How to Keep Internet Working During a Blackout
Internet backup is one of the best uses for a small power station or UPS. It is cheap compared with appliance backup, and it can make an outage much less disruptive.
Three setups
UPS only
Best for short blips and instant switchover.
Power station only
Best for longer runtime if a reboot is acceptable.
UPS + power station
Best for work-from-home reliability: the UPS bridges the outage while the power station provides longer runtime.
Test before you need it
Plug in the modem and router, note the watt draw, and run a short test. Do this before a storm, not during one.
Internet backup setup map
Your internet equipment usually has two parts: the modem or gateway from the provider, and the Wi-Fi router or mesh system. Both need power. If either one goes down, the house may look connected but have no actual internet.
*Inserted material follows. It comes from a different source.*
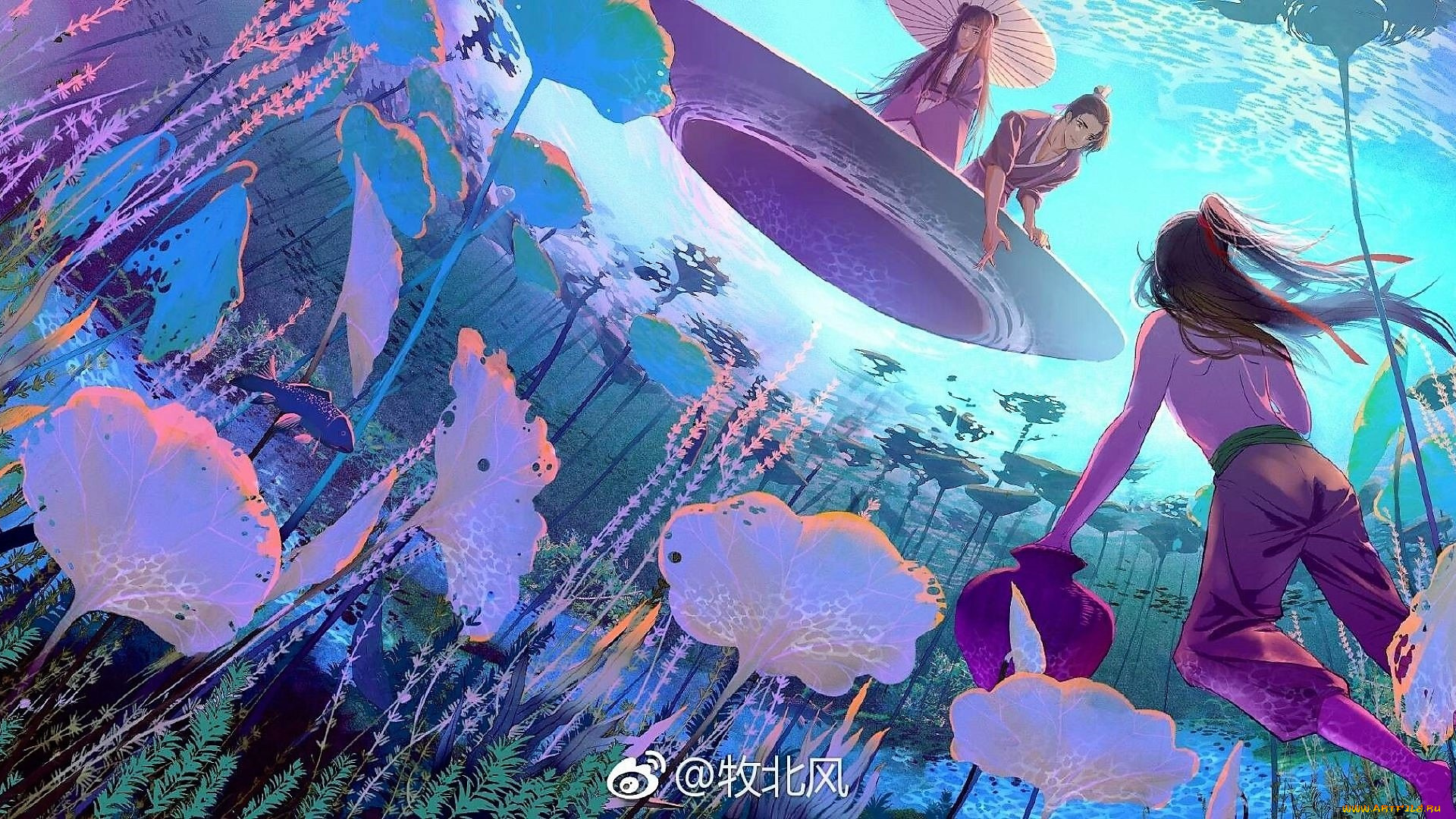 аниме, mo, dao, zu, shi, вэй, усянь, цзян, янли, чэн, лодка, озеро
| Setup | Best for | Tradeoff |
|---|---|---|
| UPS only | Short blips and instant switchover | Limited runtime. |
| Power station only | Longer outages | Some stations do not switch instantly. |
| UPS plugged into power station | Work-from-home reliability | More equipment and some efficiency loss. |
How to test your router runtime
Charge the backup unit, plug in only the modem and router, and let the setup run for an hour while you are home. Note the watt draw and battery percentage drop. That simple test is more useful than guessing from a spec sheet.
Mistakes to avoid
Do not forget the fiber ONT or cable modem. Do not assume cellular service will be normal after a storm. Do not plug the TV, game console, or desktop PC into the same small backup unless internet runtime is no longer the priority.